Карпини, Рубрук, Марко Поло – все средневековые путешественники отмечали страсть монголов к соколиной охоте. Согласно «Сокровенному сказанию», именно так Есугэй-багатур, отец Чингисхана, охотился в долинах возле Бурхан-Халдуна. Знаменитый «дворец наслаждения» Шанду был окружен естественным парком, в котором Хубилай, внук Чингисхана, любил охотиться с хищными птицами. Рубрук писал о своем монгольском хозяине:

…У них в изобилии имеются кречеты, которых они носят на правом плече. На шею каждой птицы надет маленький ремешок, свисающий по середине груди. Когда птицу натравливают на добычу, ее удерживают за этот ремешок, чтобы не снесло ветром.

Беседуя с Рубруком, хан Мунке ласкал свою любимую охотничью птицу, а когда путешественники гостили в Каракоруме, они утверждали, что самым желанным и ценным подарком там считался кречет из царской соколятни.

До сих пор Монголия славится ловчими птицами. В степях, в Хангае и Хэнтэе мы сотни раз видели диких соколов и ястребов. Коршуны кружили над нашей палаткой в ожидании объедков. В горах обитает беркут, похожий на европейского геральдического орла. Полуофициальный монгольский список упоминает также сапсана наряду с такими «международными» видами, как крысы, мыши, воробьи и комнатные мухи. Но сегодня монголы забросили соколиную охоту и оставили давние традиции казахам.

Ловчие орлы смотрелись величаво. Каждая из птиц ростом была с туловище человека и весом в 13–14 фунтов. Для таких тяжелых птиц всадники использовали маленькие деревянные подставки под руку, крепившиеся к седлу. На руку надевали массивную подбитую рукавицу. Орлы в колпачках тихо покачивались в такт движению лошади, поворачивая голову на каждый новый звук. Когда всадники спешились, орлы стряхнули оцепенение и принялись махать крыльями, сохраняя равновесие. Размах их крыльев достигал 5–6 футов, они издавали высокие, резкие крики. Камран вскочил на ноги и тоже принес своего орла, который ночью сидел неподалеку, на скале. Он предложил мне подержать птицу. Я надел тяжелую рукавицу, и на нее посадили огромную птицу. Я почувствовал сильную хватку мощных когтей даже сквозь толстую подбивку рукавицы. В футе от моего лица орел нервно повернул голову, склонил ее, показывая хищно изогнутый клюв – великолепное орудие, пригодное для того, чтобы бить и рвать добычу. Громадную птицу насторожило, что ее посадили на руку к чужаку, но меня успокоили, надев на орла колпачок.
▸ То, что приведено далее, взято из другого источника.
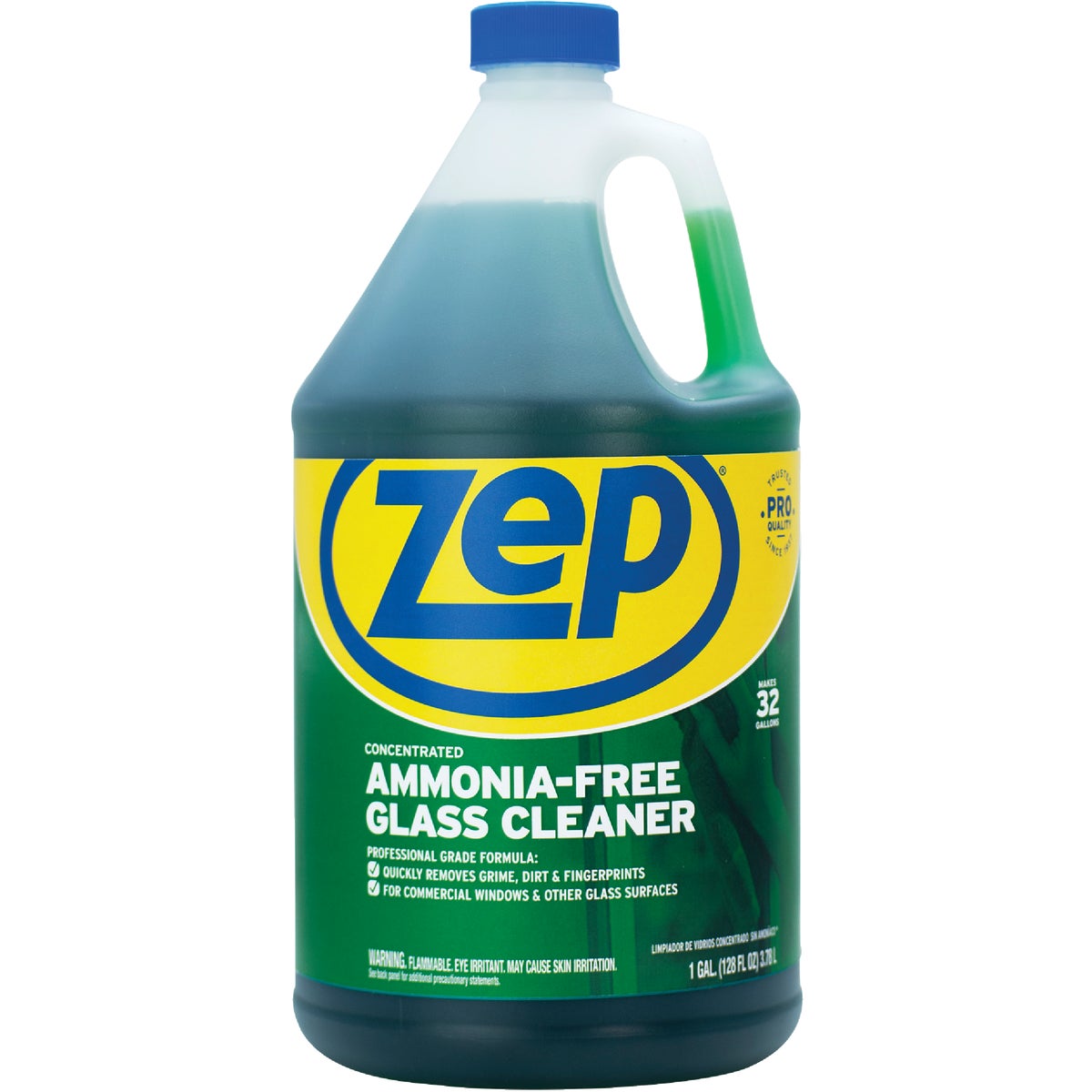 Zep Commercial 1 Gal. Ammonia-Free Glass Cleaner Concentrate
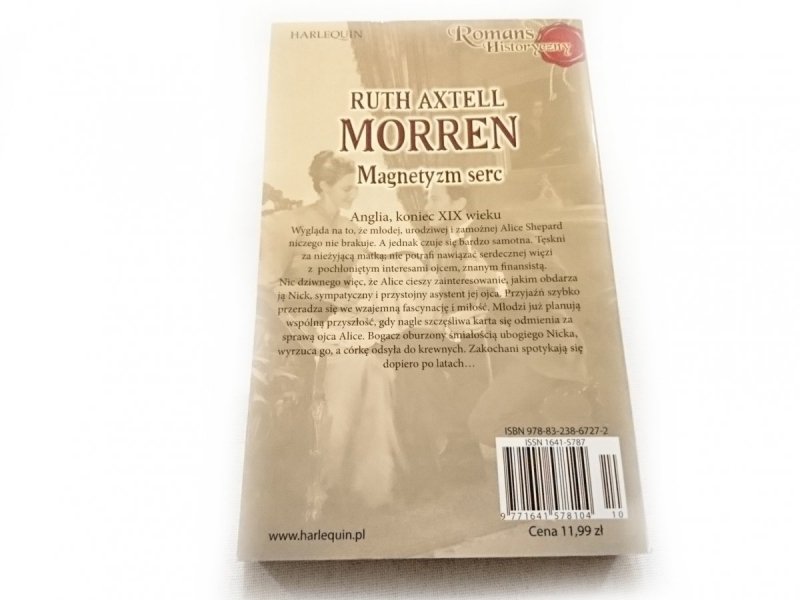 MAGNETYZM SERC - Ruth Axtell Morren 2010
Казахи очень гордились своими орлами, и, хотя сезон охоты начинается только в октябре, птицы уже находились в отличной форме. Мне сказали, что в долине живут, по крайней мере, двадцать человек, которые держат ловчих орлов, а в других поселках Алтая охотников еще больше. Осенью казахи начинают охотничьи набеги. Они скачут по замерзшим долинам, держа птиц на правой руке, в поисках естественной добычи. Чаще всего орлов выпускают на лисицу или волка, однако говорят, что самые храбрые могут напасть на леопарда или грифа.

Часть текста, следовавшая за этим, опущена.